Ezekiel Amador III of Kansas City wonders if the opposite works: move to the city.
"Our bees are doing great," said Amador, 44, whose interest in bees surged two years ago on growing concerns about CCD.
He has since installed three hives at the Switzer Neighborhood Farm, a community garden surrounded by traffic at 20th Street and West Pennway.
"My theory is that being city bees helps them," Amador said. "We're not near large agriculture areas that would expose them to a heavy use of pesticides and chemicals."
Bayer CropScience disagrees. The chemical company, which employs 550 at a manufacturing plant in Kansas City, recently broke ground in North Carolina for a lab to study bee health.
"Enemy No. 1 is the Varroa mite" that first found its way from Asia to the American Midwest in the 1980s, said David Fischer, Bayer's director of environmental toxicology and risk assessment.
As for the class of pesticide known as neonicotinoids — which took off in the 1990s and which the European Union is now moving to restrict — "there's no evidence linking those products to colony collapse disorder," Fischer said. "And there probably has been more testing on this class of pesticide than any other."

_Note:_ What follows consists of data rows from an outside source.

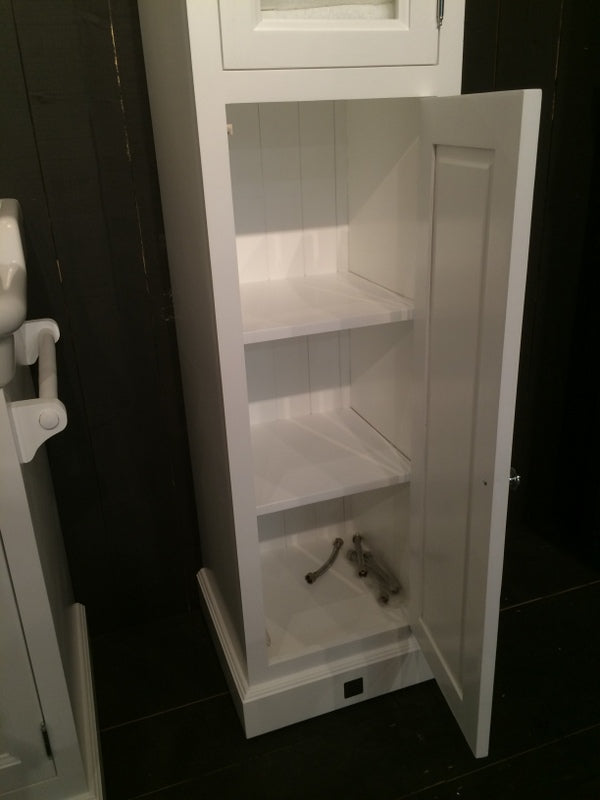 Badezimmerschrank weiß mit eine Glastür, Schrank weiß, Breite 41 cm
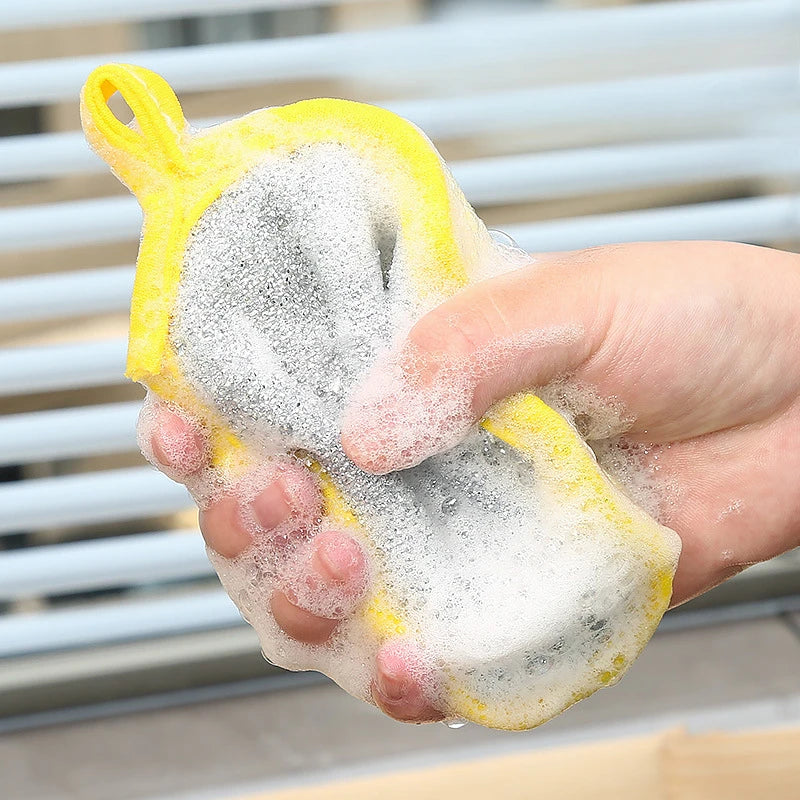 10PCS Dishwashing Sponges Double Sided Pot Pan Scrubber Brushes Reusable Household Cleaning Sponges Kitchen Tool Set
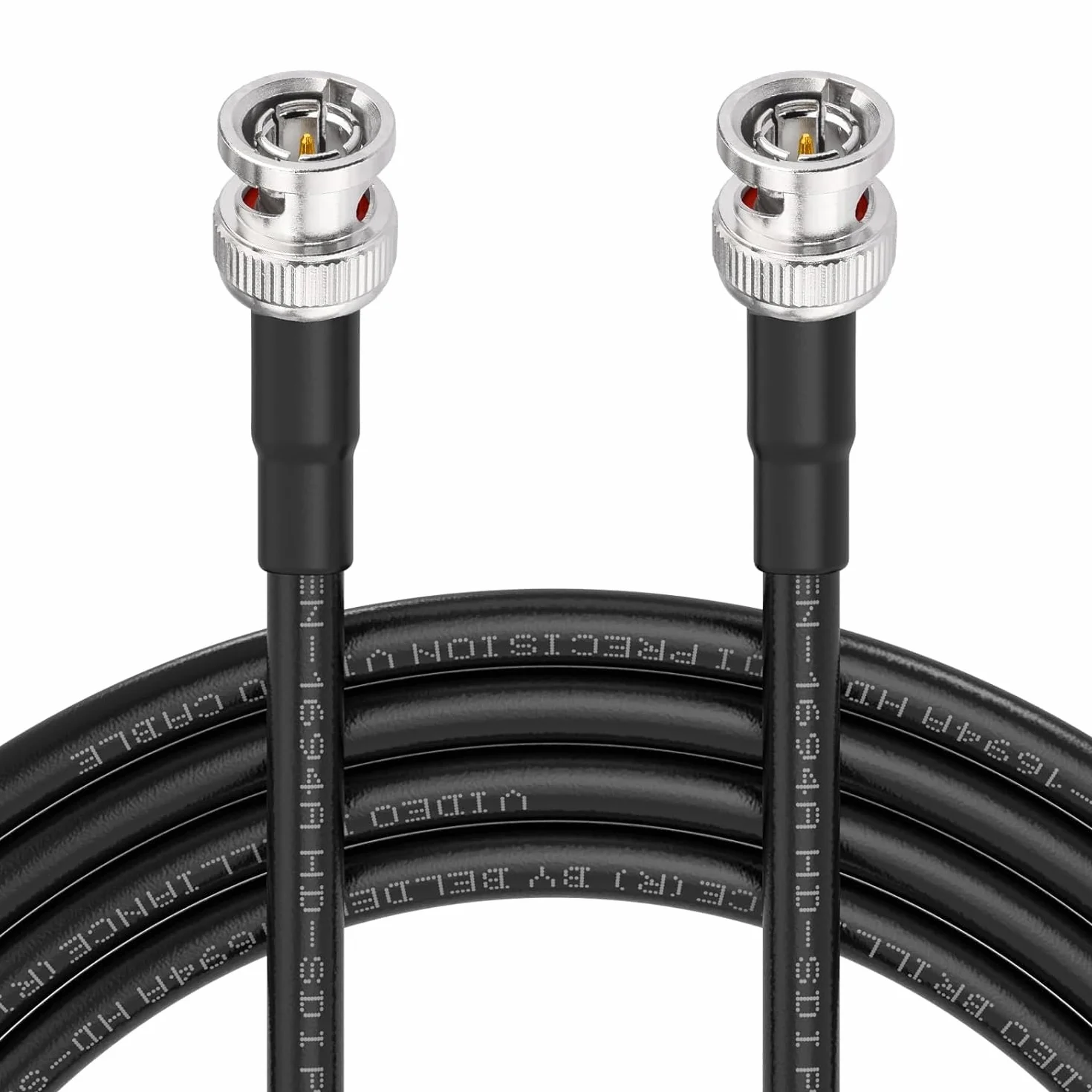Superbat Cable SDI BNC 3G/6G/12G 1m, Belden 1694A Negro 75ohm Macho a Macho, Cable Corto Latiguillo para Cámara de Transmisión Videocámara Profesional Convertidor Soporta 4K/8K/12G-SDI (Dual Link)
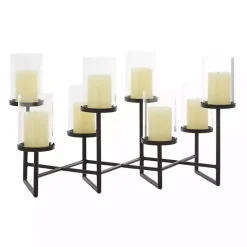 Outlet Kirklands Home Metal Multi Level Candelabra Runner Black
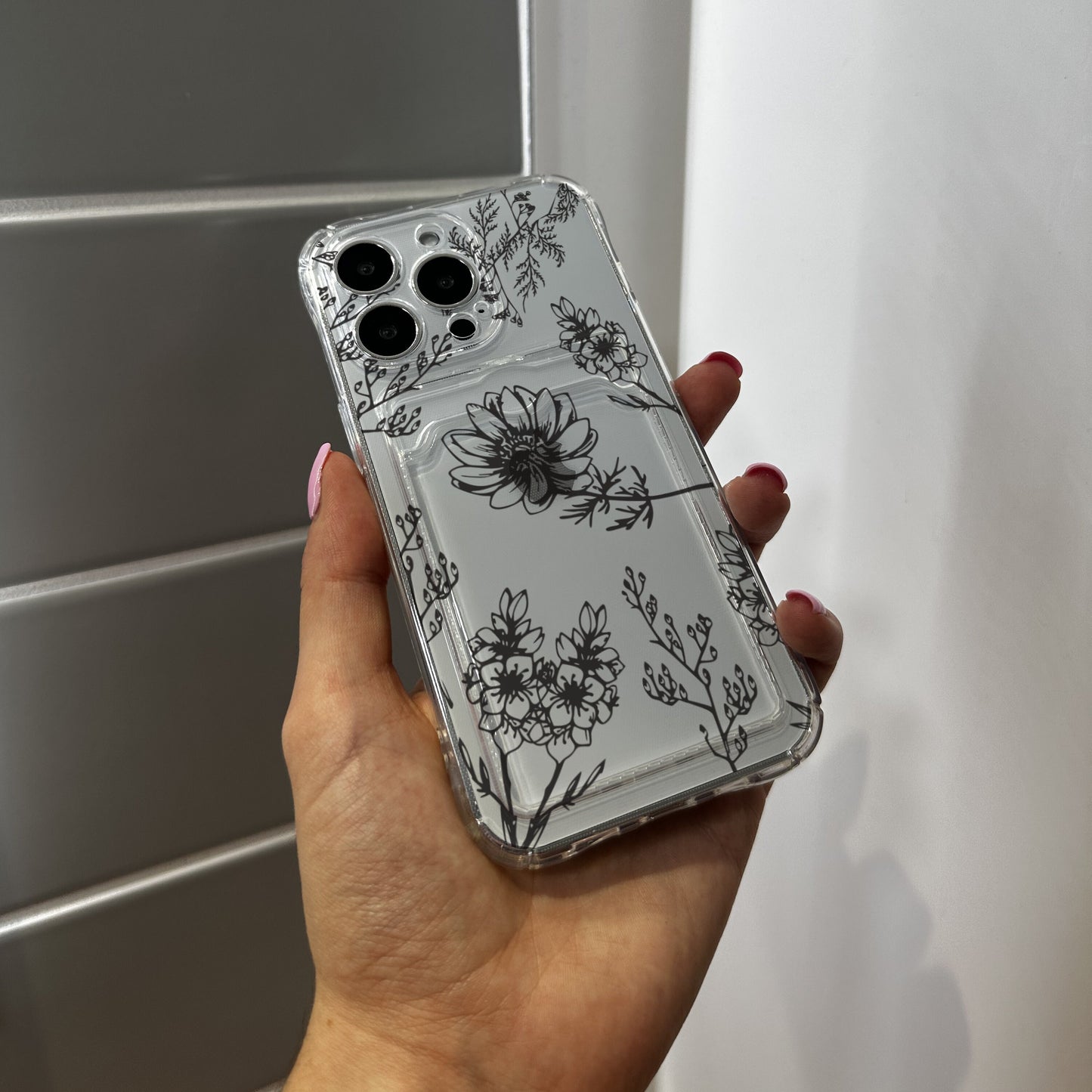 Floral Card Holder Phone Case for iPhone 17 16 15 14 13 12 11 11 Pro Max Mini 7 8 XR XS X Wallet Shockproof Phone Cover with Customised Name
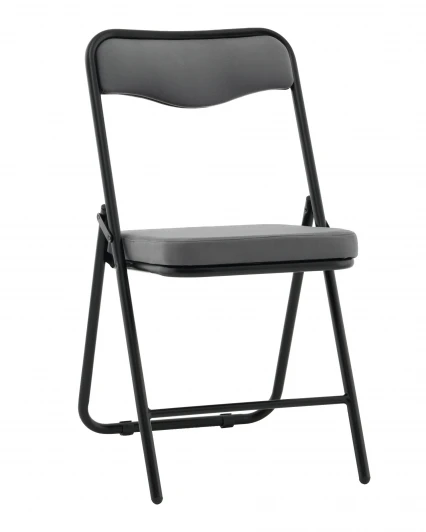 УТ000041387 Стул складной Джонни велюр велютто темно-серый каркас черный матовый Stool Group арт.УТ000041387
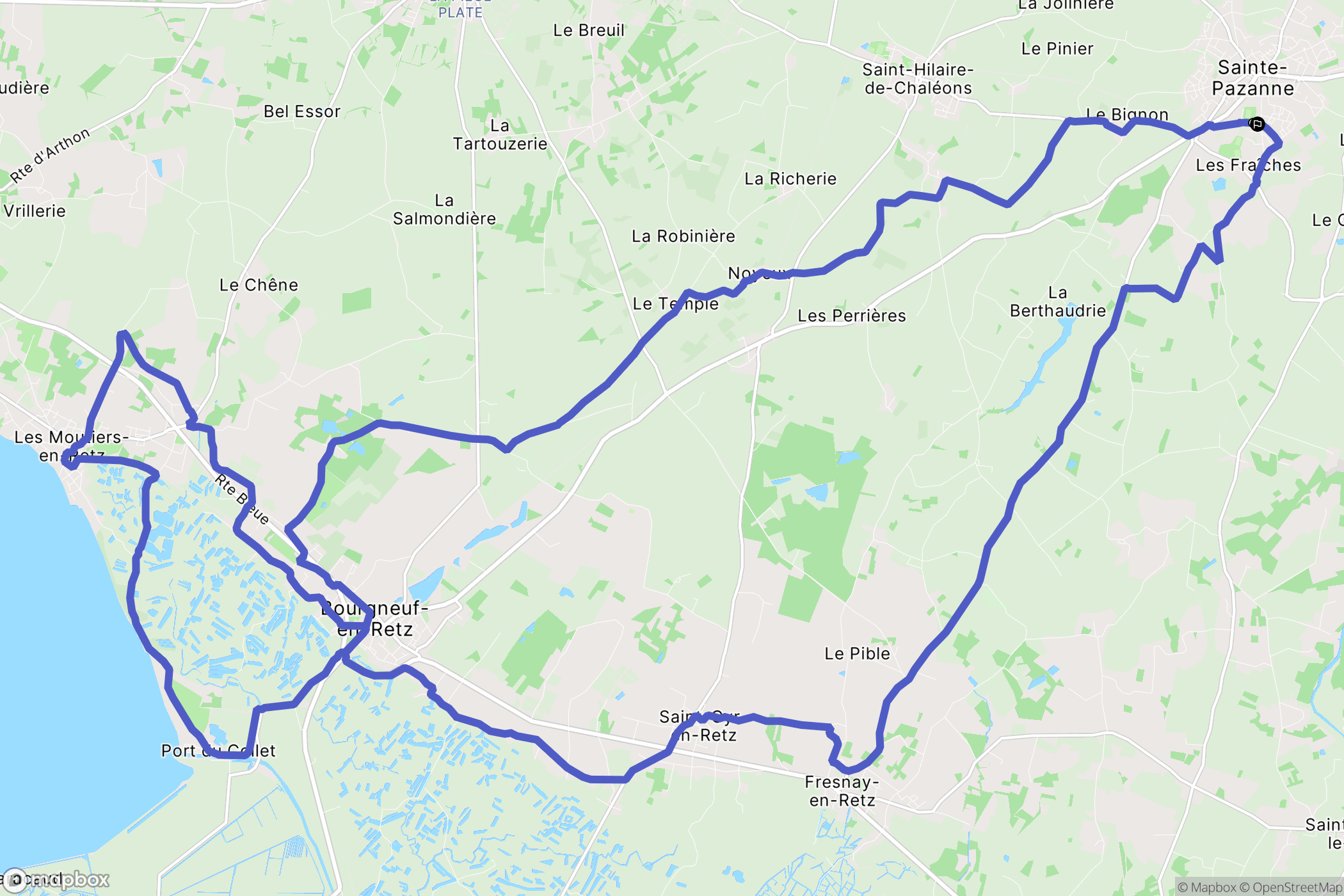 Sainte-Pazanne : carte du parcours de randonnée - France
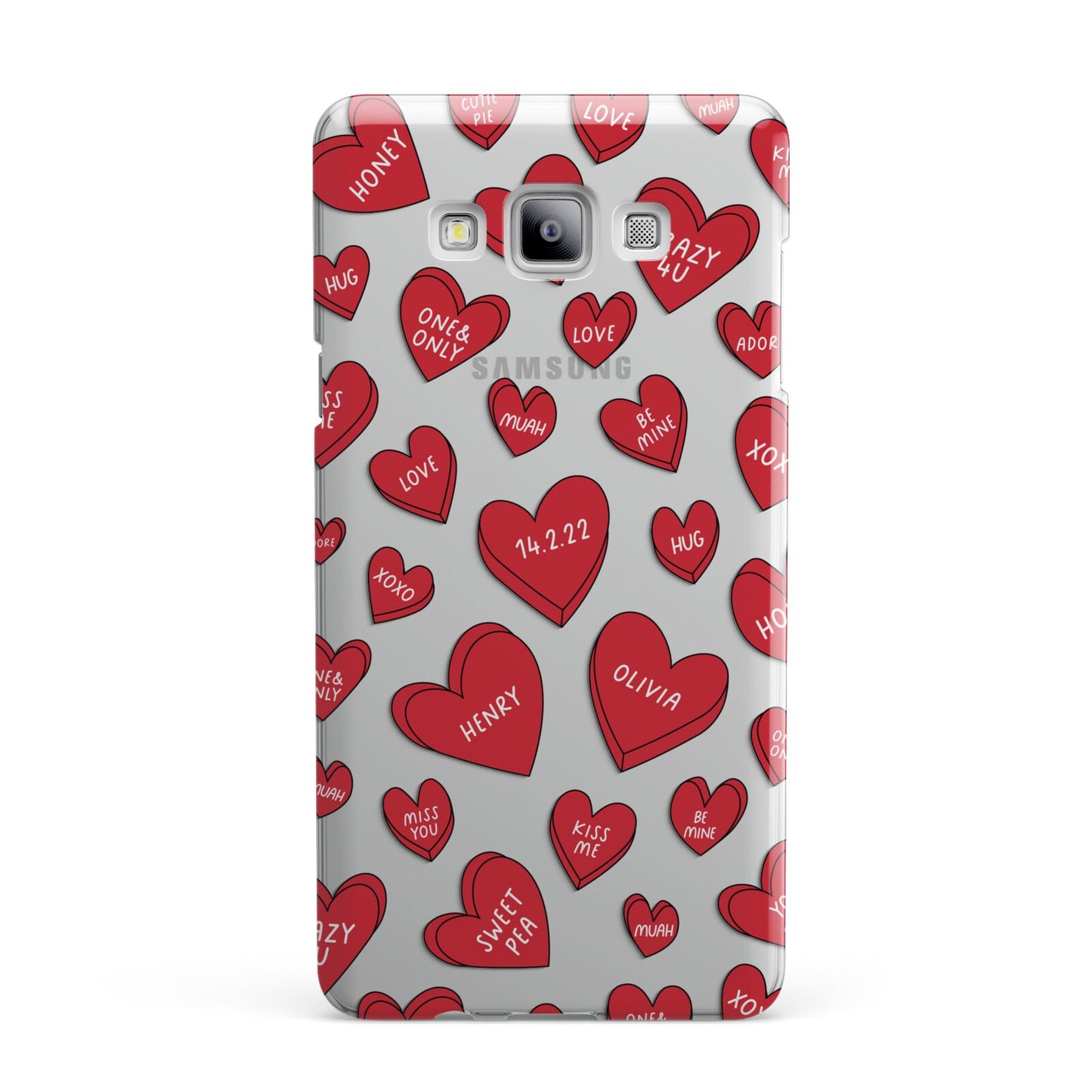 Red Hearts Couples Personalised Samsung Galaxy A7 2015 Case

He said if the U.S. took similar steps to limit the use of neonicotinoids, cornfields would suffer losses of 6 to 12 bushels per acre.
"We'd need to farm a couple million more acres of land to make up for that," he said, adding that replacing natural forage with corn crops would benefit neither bee populations nor the ecosystem.
As the mystery and debate intensify — perhaps "disorder" is the wrong term, some argue, given the range of threats — local beekeepers likely will pour extra work into a hobby that once was simple and fret-free.
"They're having to constantly replace those hives, buying new queens," said Rick Miller of K-State Research and Extension in Johnson County. "It's a constant battle."
But a loving one, as Misko fills another jar of bees with sugar.